We have a vivid picture of this from our Old Testament prophet Jeremiah reading today. He gives us this same teaching but interpreted with a green thumb. He says “Thus says the Lord: “Cursed is the man who trusts in man and makes flesh his strength, whose heart turns away from the Lord. He is like a shrub in the desert, and shall not see any good come. He shall dwell in the parched places of the wilderness, in an uninhabited salt land” (17:5-6). Trusting in people. Trusting in our own strength and abilities. Hearts that are not turned toward the Lord of Life. This is a dry and parched shrub in an alkali flat! We’ve all seen that, a lonely, little dead bush on the prairie. Hope and life are all but dried up in that thirsty, drought ridden wasteland. It is a vivid image of the Way of Death. On the other hand, the person who hopes and trusts in the Lord and leans not on his own understanding is like a tree whose roots go down deep into a stream of water. “Blessed is the man who trusts in the Lord, whose trust is the Lord. He is like a tree planted by water, that sends out its roots by the stream, and does not fear when heat comes, for its leaves remain green, and is not anxious in the year of drought, for it does not cease to bear fruit” (Jer 17:7-8).
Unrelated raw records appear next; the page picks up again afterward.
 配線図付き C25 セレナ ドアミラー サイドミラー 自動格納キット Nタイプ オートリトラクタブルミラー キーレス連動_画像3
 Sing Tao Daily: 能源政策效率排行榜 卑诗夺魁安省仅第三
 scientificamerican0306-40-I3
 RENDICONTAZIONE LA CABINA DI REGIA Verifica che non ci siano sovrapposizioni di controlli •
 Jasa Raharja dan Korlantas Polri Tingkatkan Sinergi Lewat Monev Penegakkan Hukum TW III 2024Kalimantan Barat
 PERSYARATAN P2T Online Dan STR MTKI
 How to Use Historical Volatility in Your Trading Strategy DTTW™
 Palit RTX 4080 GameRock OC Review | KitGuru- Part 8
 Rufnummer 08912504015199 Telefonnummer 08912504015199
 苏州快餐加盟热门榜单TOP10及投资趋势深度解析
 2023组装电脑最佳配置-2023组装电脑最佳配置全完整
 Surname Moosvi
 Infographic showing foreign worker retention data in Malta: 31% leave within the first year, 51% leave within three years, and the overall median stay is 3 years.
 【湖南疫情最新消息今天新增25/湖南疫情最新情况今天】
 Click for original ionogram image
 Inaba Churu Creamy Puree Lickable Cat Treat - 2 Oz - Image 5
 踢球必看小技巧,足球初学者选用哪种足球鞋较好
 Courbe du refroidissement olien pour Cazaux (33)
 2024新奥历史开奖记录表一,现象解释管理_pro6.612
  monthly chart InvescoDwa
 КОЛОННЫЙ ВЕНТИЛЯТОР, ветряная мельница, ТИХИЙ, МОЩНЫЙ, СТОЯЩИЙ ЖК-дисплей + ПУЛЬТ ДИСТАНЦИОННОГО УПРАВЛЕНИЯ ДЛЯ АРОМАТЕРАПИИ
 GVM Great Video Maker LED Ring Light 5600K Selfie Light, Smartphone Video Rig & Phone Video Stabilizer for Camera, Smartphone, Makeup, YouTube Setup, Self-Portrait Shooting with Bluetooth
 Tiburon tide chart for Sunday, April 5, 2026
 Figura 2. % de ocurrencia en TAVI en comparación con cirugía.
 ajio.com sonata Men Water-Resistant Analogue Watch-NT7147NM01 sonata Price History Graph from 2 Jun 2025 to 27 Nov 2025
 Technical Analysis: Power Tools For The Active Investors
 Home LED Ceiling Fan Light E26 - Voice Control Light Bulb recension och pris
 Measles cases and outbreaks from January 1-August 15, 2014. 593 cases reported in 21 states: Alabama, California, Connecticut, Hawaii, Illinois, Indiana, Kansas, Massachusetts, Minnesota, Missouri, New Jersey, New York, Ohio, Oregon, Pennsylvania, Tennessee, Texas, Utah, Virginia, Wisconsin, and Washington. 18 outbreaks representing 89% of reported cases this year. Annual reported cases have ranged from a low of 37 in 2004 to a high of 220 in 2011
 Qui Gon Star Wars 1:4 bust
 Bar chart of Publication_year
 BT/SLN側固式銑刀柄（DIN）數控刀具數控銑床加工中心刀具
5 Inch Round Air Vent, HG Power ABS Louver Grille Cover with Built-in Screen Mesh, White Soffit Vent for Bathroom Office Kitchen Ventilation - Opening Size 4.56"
Even when heat comes and the droughts come, it’s leaves are always green and it continually bears good fruit.
What Jeremiah means here and what Christ our Lord preaches is perspective. Having a heavenly perspective in the midst of earthly struggles. Being filled with heavenly light though we walk in earthly darkness. Hard times, hardships, struggles, persecutions, the wasteland of sin and the drought of persecution, despite it all, we trust in the Lord remaining faithful to Him and His promises to us. The Living Water of our Baptism daily comforts us and refreshes us with God’s promise of forgiveness, life and salvation. The manna in our wilderness, the Lord’s Word and His Supper, fills us with His own strength and power in His body and blood to speed us along on our journey walking in His ways, walking to our Heavenly home by faith. Truly blessed is the man who trusts in the Lord. Amen!